If we are exposed to this, especially at an early age, we will use these same tactics on ourselves! What is even worse, is not even knowing we are doing it. 

Have you ever had something happen to you and need to go to people in your environment for affirmation or confirmation that it happened the way you saw it

When something bad does happen, do you minimize the impact and/or try to see it differently because it must not be that way?

These are pretty good indicators that you are actively gaslighting yourself. 

We fall on the familiar when we are doubting and questioning our decisions and reality. If we were told consistently that we don’t know what we are talking about and that our perceptions are not as they seem, we will believe it and no longer trust ourselves to perceive reality. 

With any type of change that we want to create, we have to first become aware of when we are participating in the behavior. Here are some tips to challenge self-gaslighting:

  1. Write down the phrases/thoughts that happen that enable gaslighting.

These could look like: 

“is this happening to me?”

“I need to talk to…. Before I make this decision”

“It really wasn’t that bad”

“You’re over-exaggerating”

“You’re being over-emotional”

“I’m the problem” 

“I just need to act like I’m ok” 

“I’m being stupid/irrational for thinking/feeling this” 

Once you acknowledge your trigger phrases/thoughts, you’ll be able to spot them more frequently and these are the key moments for change. 


2. When you catch yourself with a trigger thought/phrase, validate the reality.

Grounding is the easiest way to do this. A grounding skill is looking at the entirety of your environment and acknowledging what is around you. 

“I’m sitting with my friend at lunch and I’m having a salad. We are at a restaurant. The sun is shining. I’m warm. It is bright.” 

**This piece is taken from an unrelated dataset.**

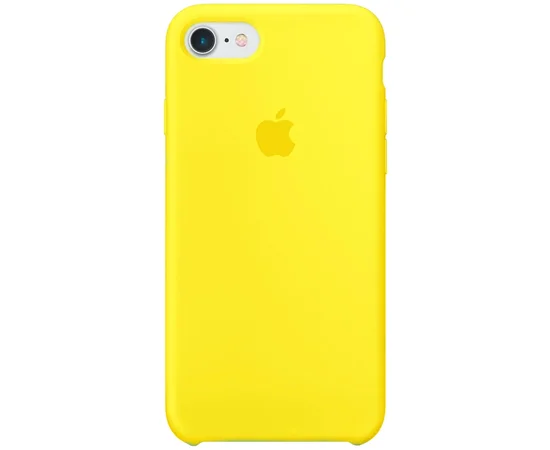 Чехол Silicone Case (AA) для Apple iPhone 7 / 8 (4.7") Желтый / Neon Yellow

When we acknowledge and validate reality, it is much easier to interpret it. When we fall into gaslighting, we are distorting our reality due to our anxiety/fear, etc. We need to ground and cope with these emotions first. 

3. Challenge your thoughts/phrases with compassion. Compassion may be neutral responses, it doesn’t always have to be positive.

“It really wasn’t that bad” 

to 

“This experience happened to me and it made me feel…” 

“You’re over-exaggerating” 

to 

“I feel…and that is ok.” 

“You’re emotional” 

to 

“I feel…and this is how I feel.” 

Repeating these affirmations to these gaslighting thoughts/phrases allows us to create new connections associated with the thought. Right now they are associated with negativity and shameful feelings. We want to work on pairing them with compassion to create a new and healthy experience. 


4. Journal the experience after.

Journaling allows us to see things from a different perspective. I feel the most effective journaling is when we mind-dump (write everything in our head) and then re-read our journal entry after we have finished and journal our experience. You’ll be surprised what you will discover with the way you are thinking and feeling. Journaling also validates experiences for ourselves by remembering an event as we remember it.

5. Praise and reward yourself and do not shame yourself when falling into a trigger thought/phrase.

It takes a while to create new connections and habits so be compassionate with this experience.

Remember to always validate your past, thoughts, and feelings.